Task to carry out:
Copy each entry below unchanged; the images do not go in the copy.

Given information:
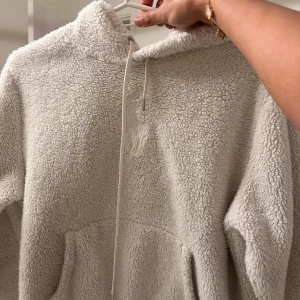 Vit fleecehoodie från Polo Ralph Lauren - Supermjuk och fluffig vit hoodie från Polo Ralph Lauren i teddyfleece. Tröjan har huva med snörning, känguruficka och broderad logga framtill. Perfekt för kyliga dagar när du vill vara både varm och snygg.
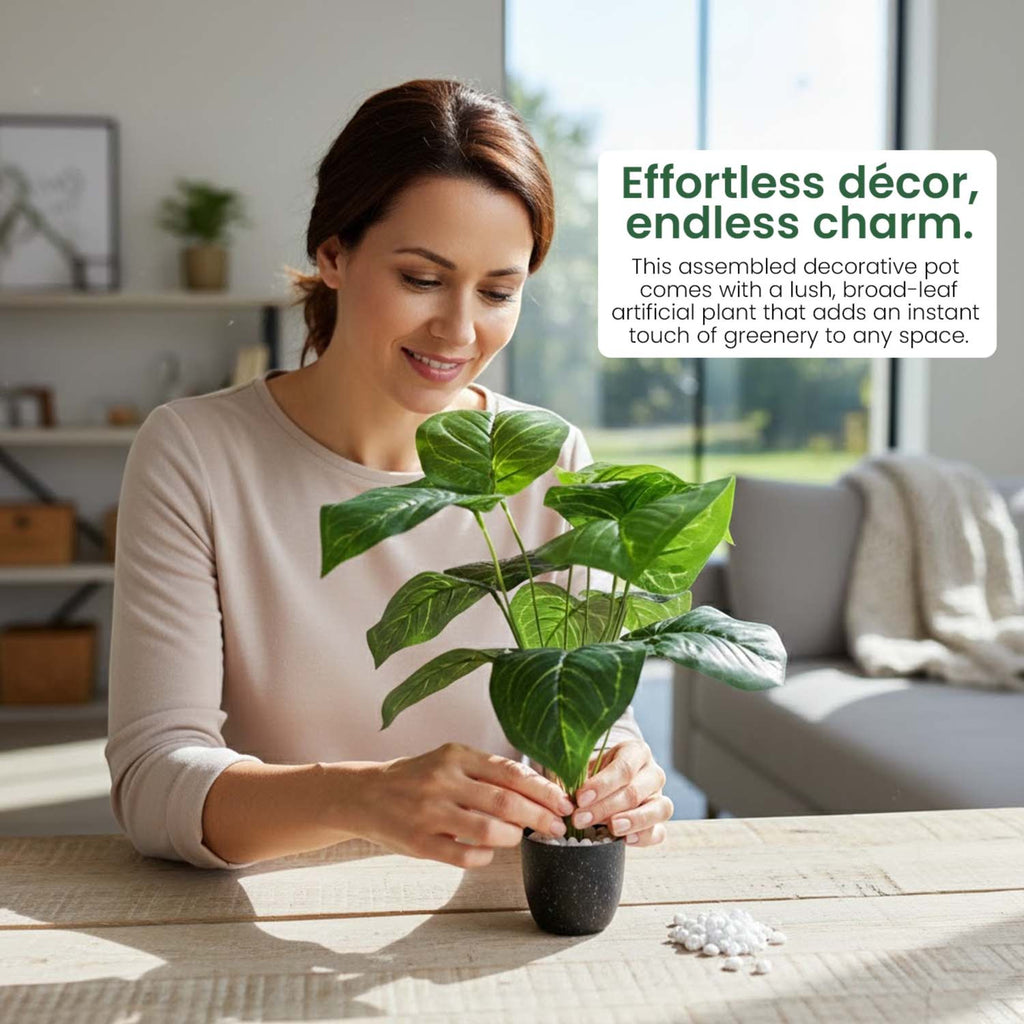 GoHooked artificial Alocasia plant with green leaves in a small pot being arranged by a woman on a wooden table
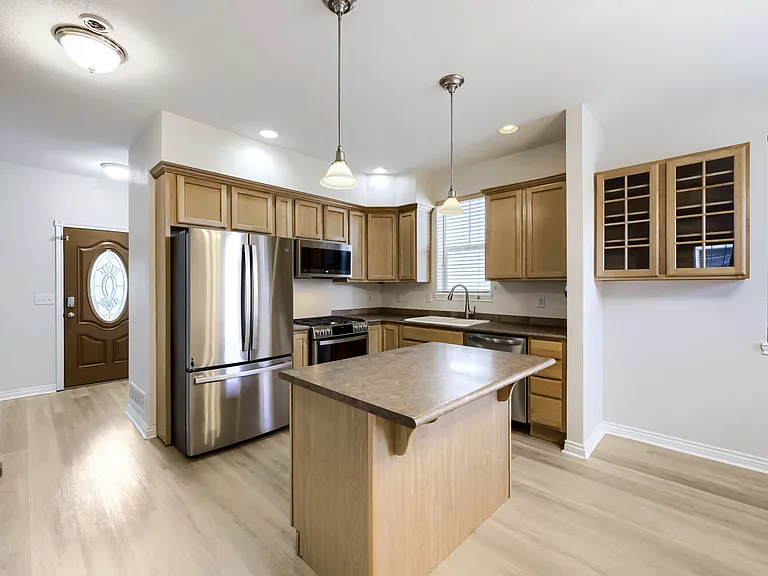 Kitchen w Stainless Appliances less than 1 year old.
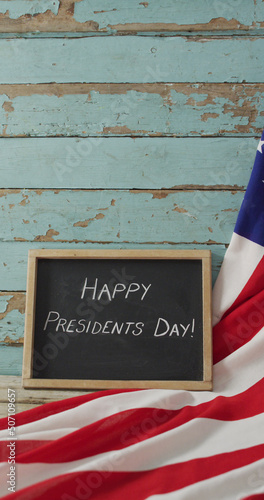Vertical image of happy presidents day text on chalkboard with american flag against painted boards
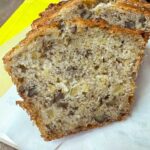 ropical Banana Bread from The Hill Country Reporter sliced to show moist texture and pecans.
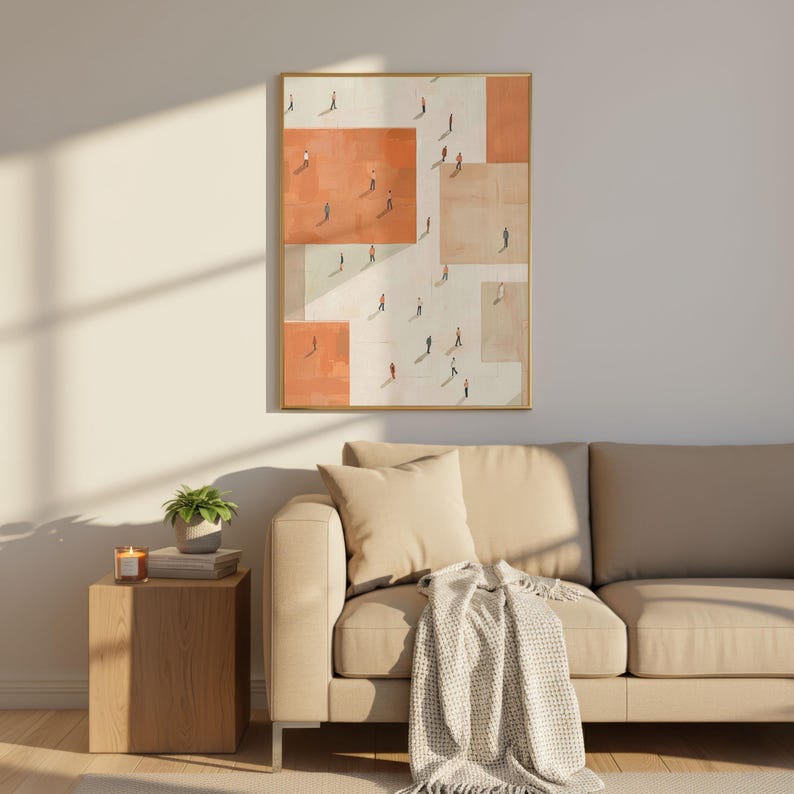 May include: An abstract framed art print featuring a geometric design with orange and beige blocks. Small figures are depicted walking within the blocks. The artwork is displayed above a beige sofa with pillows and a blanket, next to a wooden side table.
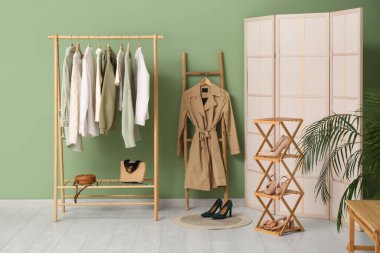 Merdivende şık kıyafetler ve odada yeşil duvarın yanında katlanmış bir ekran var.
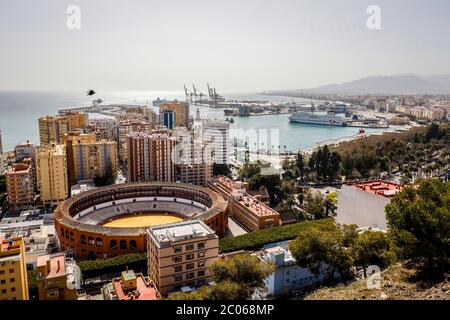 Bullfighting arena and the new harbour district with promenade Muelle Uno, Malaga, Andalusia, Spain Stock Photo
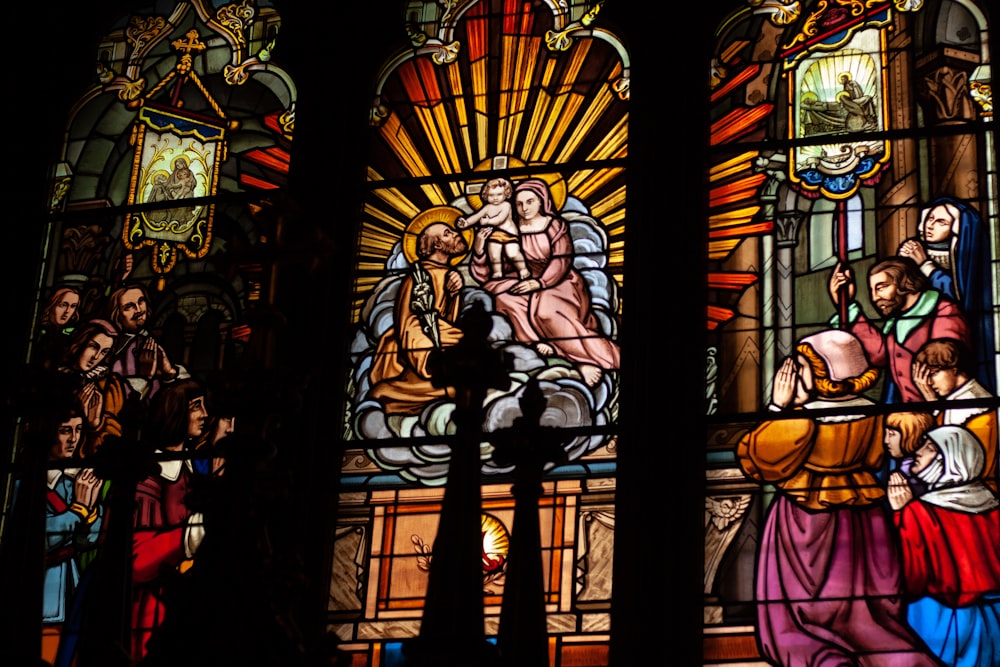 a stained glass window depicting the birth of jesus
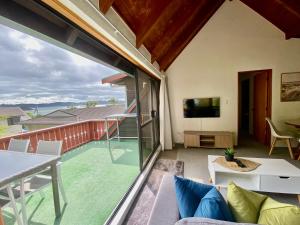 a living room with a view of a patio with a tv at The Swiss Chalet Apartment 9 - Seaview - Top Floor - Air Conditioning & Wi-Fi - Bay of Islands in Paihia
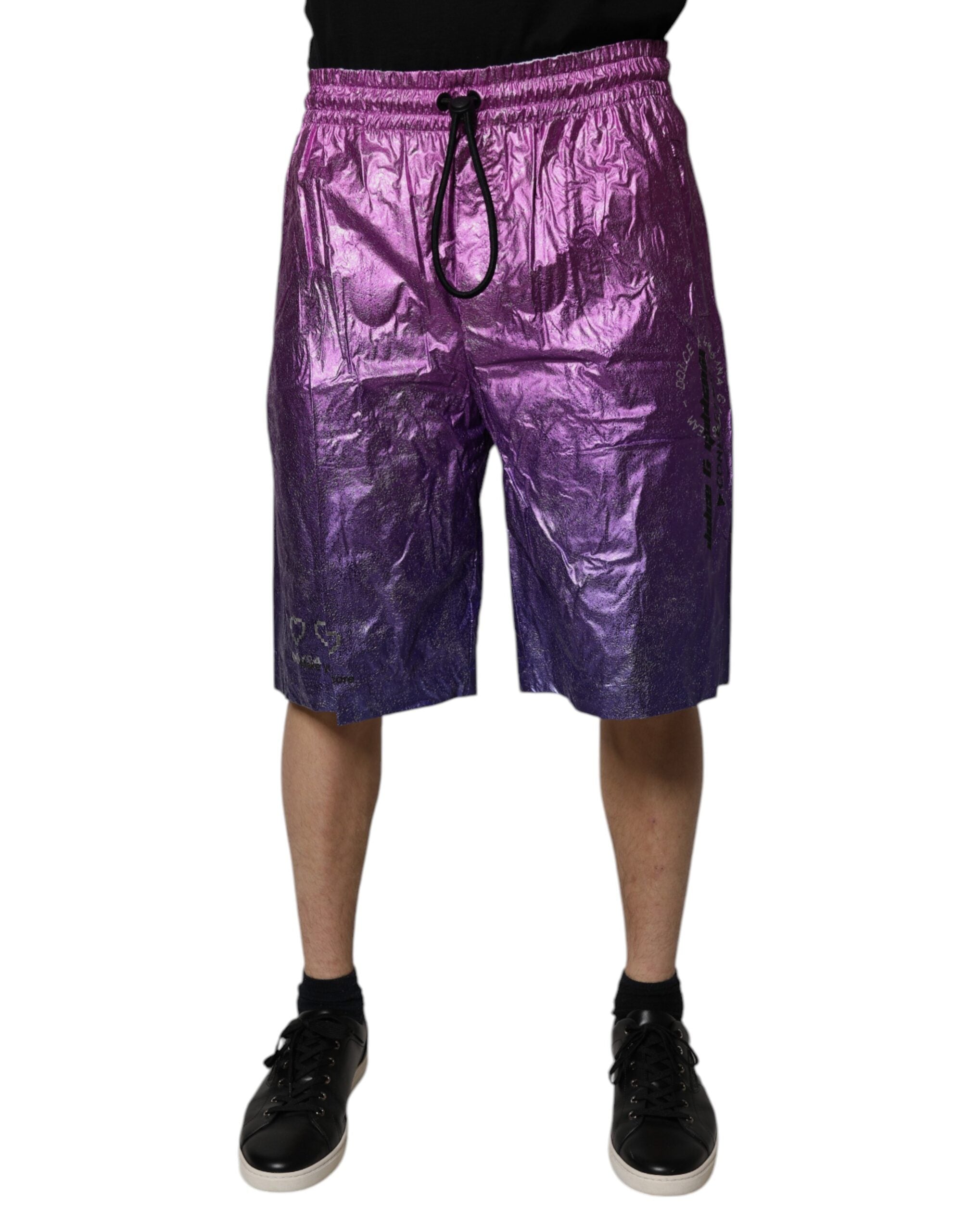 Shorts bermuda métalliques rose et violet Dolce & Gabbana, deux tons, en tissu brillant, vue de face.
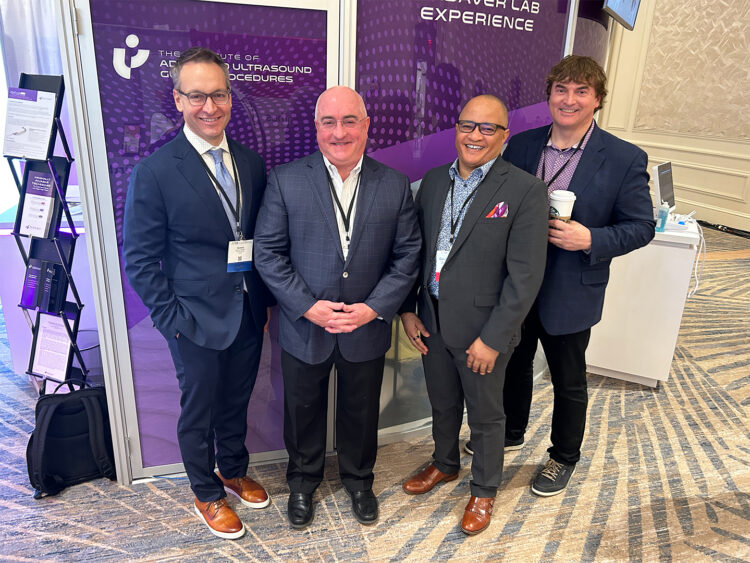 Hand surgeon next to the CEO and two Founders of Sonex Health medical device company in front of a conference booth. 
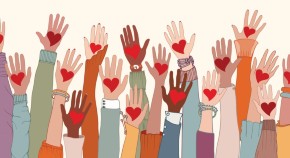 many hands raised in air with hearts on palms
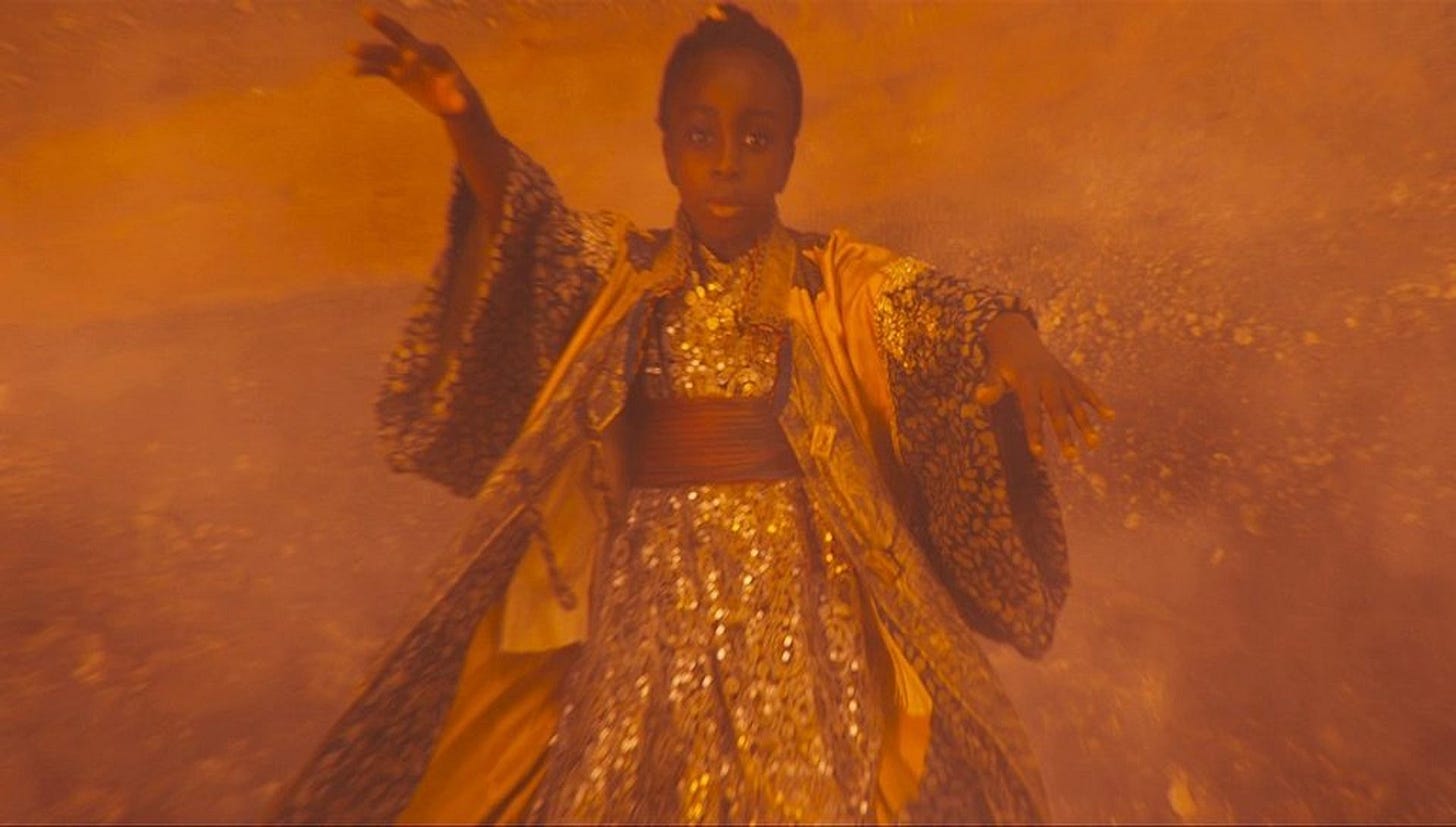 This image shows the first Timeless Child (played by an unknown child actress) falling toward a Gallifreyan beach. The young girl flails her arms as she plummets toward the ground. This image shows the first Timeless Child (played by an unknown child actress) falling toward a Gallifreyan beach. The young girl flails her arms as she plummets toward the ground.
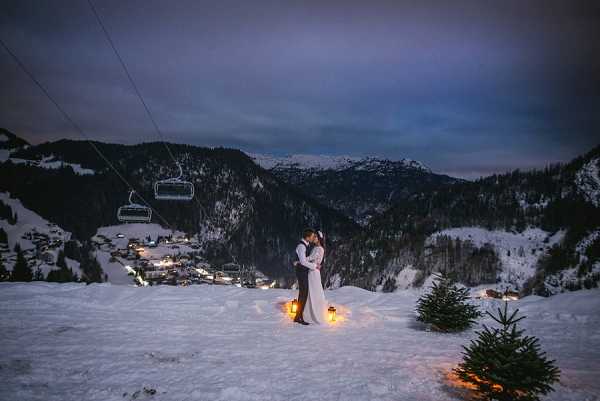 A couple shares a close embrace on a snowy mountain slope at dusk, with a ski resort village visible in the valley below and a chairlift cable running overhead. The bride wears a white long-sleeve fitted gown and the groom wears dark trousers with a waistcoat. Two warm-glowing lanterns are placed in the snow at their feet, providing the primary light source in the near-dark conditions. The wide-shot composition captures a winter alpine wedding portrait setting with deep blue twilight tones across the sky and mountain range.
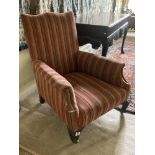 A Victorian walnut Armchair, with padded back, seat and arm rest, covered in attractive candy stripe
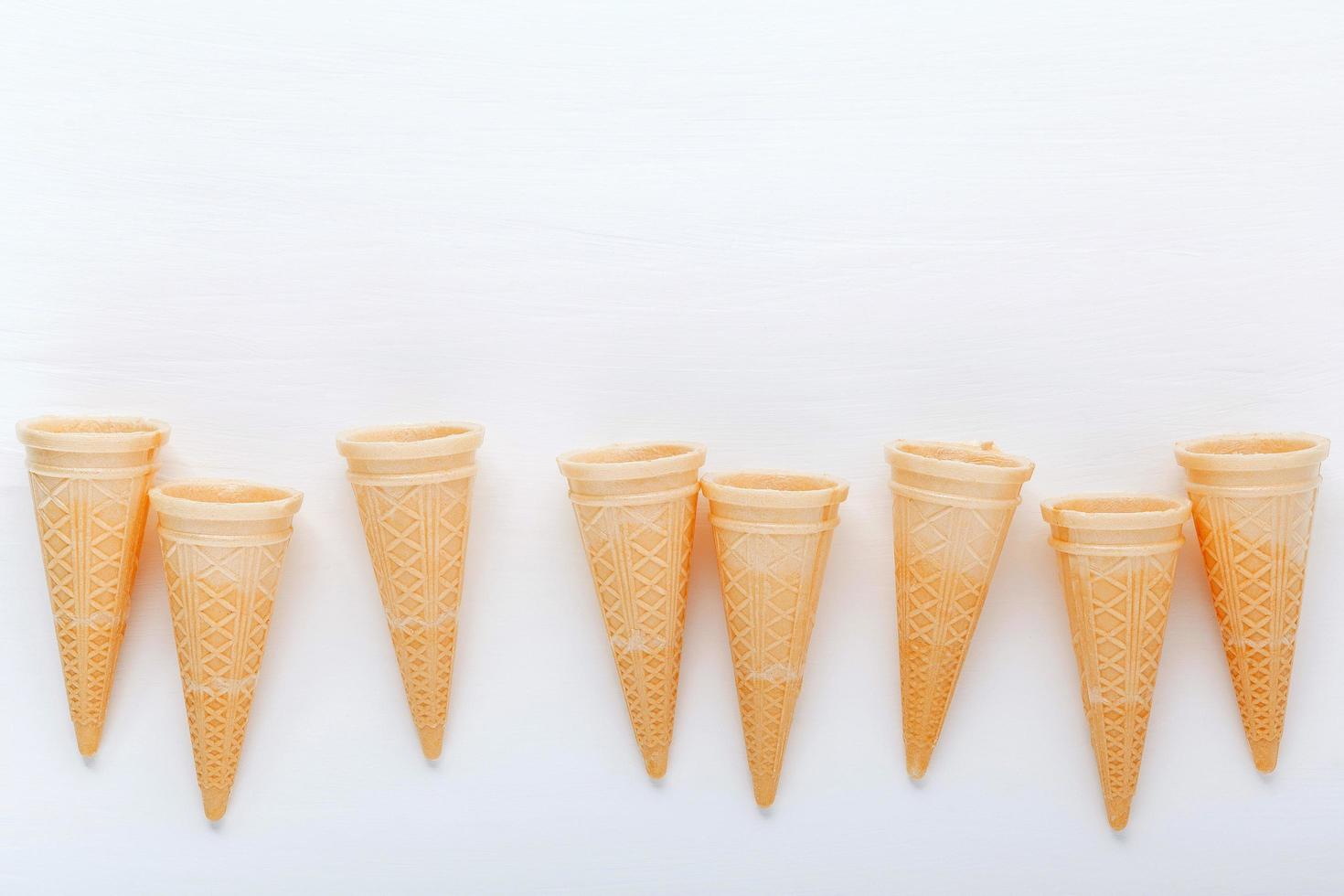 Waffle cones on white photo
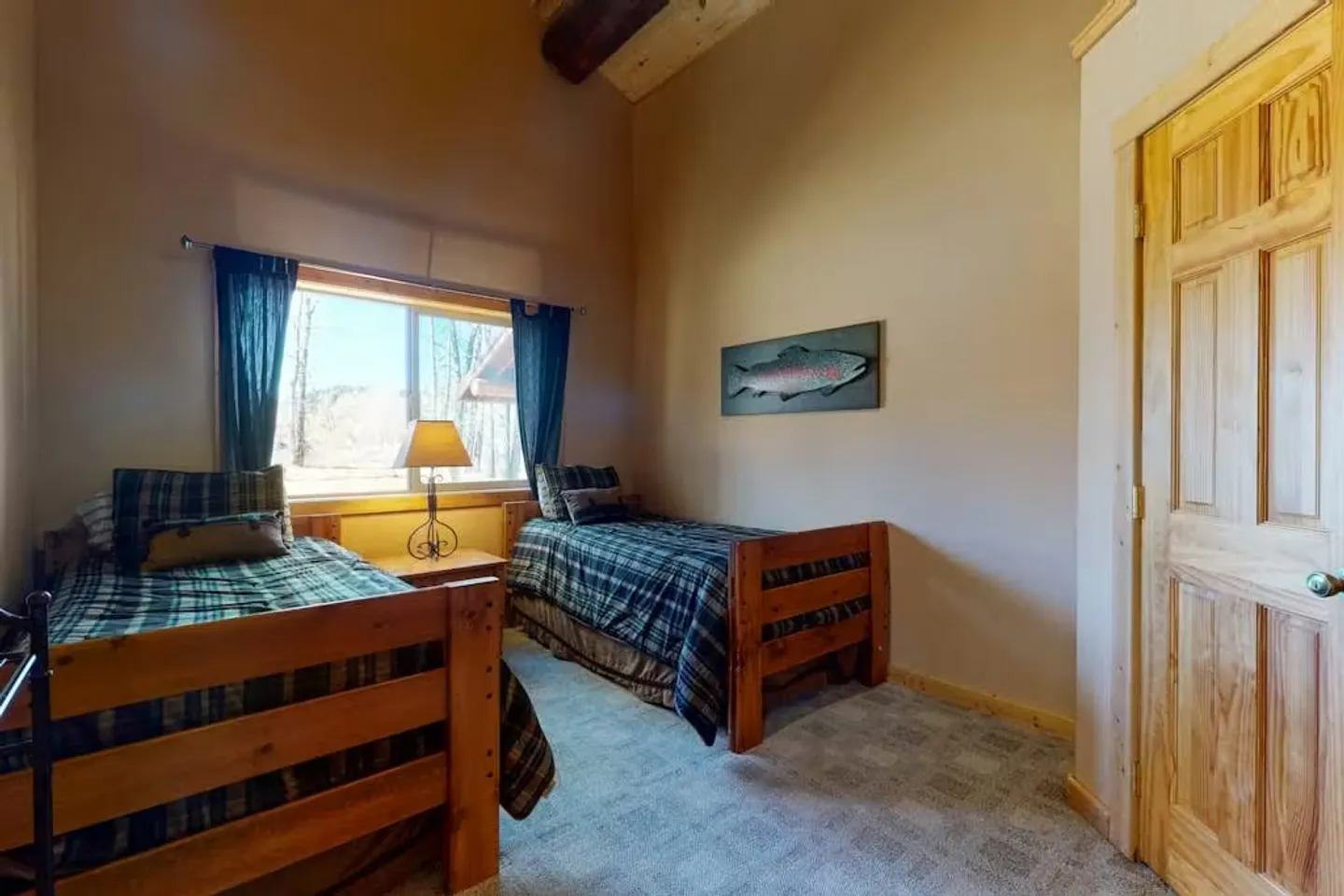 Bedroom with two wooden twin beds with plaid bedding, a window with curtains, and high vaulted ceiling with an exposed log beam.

Response:
 Vit fleecehoodie från Polo Ralph Lauren - Supermjuk och fluffig vit hoodie från Polo Ralph Lauren i teddyfleece. Tröjan har huva med snörning, känguruficka och broderad logga framtill. Perfekt för kyliga dagar när du vill vara både varm och snygg.
 GoHooked artificial Alocasia plant with green leaves in a small pot being arranged by a woman on a wooden table
 Kitchen w Stainless Appliances less than 1 year old.
Vertical image of happy presidents day text on chalkboard with american flag against painted boards
 ropical Banana Bread from The Hill Country Reporter sliced to show moist texture and pecans.
 May include: An abstract framed art print featuring a geometric design with orange and beige blocks. Small figures are depicted walking within the blocks. The artwork is displayed above a beige sofa with pillows and a blanket, next to a wooden side table.
 Merdivende şık kıyafetler ve odada yeşil duvarın yanında katlanmış bir ekran var.
 Bullfighting arena and the new harbour district with promenade Muelle Uno, Malaga, Andalusia, Spain Stock Photo
 a stained glass window depicting the birth of jesus
 a living room with a view of a patio with a tv at The Swiss Chalet Apartment 9 - Seaview - Top Floor - Air Conditioning & Wi-Fi - Bay of Islands in Paihia
 Shorts bermuda métalliques rose et violet Dolce & Gabbana, deux tons, en tissu brillant, vue de face.
 Hand surgeon next to the CEO and two Founders of Sonex Health medical device company in front of a conference booth. 
 many hands raised in air with hearts on palms
 This image shows the first Timeless Child (played by an unknown child actress) falling toward a Gallifreyan beach. The young girl flails her arms as she plummets toward the ground. This image shows the first Timeless Child (played by an unknown child actress) falling toward a Gallifreyan beach. The young girl flails her arms as she plummets toward the ground.
 A couple shares a close embrace on a snowy mountain slope at dusk, with a ski resort village visible in the valley below and a chairlift cable running overhead. The bride wears a white long-sleeve fitted gown and the groom wears dark trousers with a waistcoat. Two warm-glowing lanterns are placed in the snow at their feet, providing the primary light source in the near-dark conditions. The wide-shot composition captures a winter alpine wedding portrait setting with deep blue twilight tones across the sky and mountain range.
 A Victorian walnut Armchair, with padded back, seat and arm rest, covered in attractive candy stripe
 Waffle cones on white photo
 Bedroom with two wooden twin beds with plaid bedding, a window with curtains, and high vaulted ceiling with an exposed log beam.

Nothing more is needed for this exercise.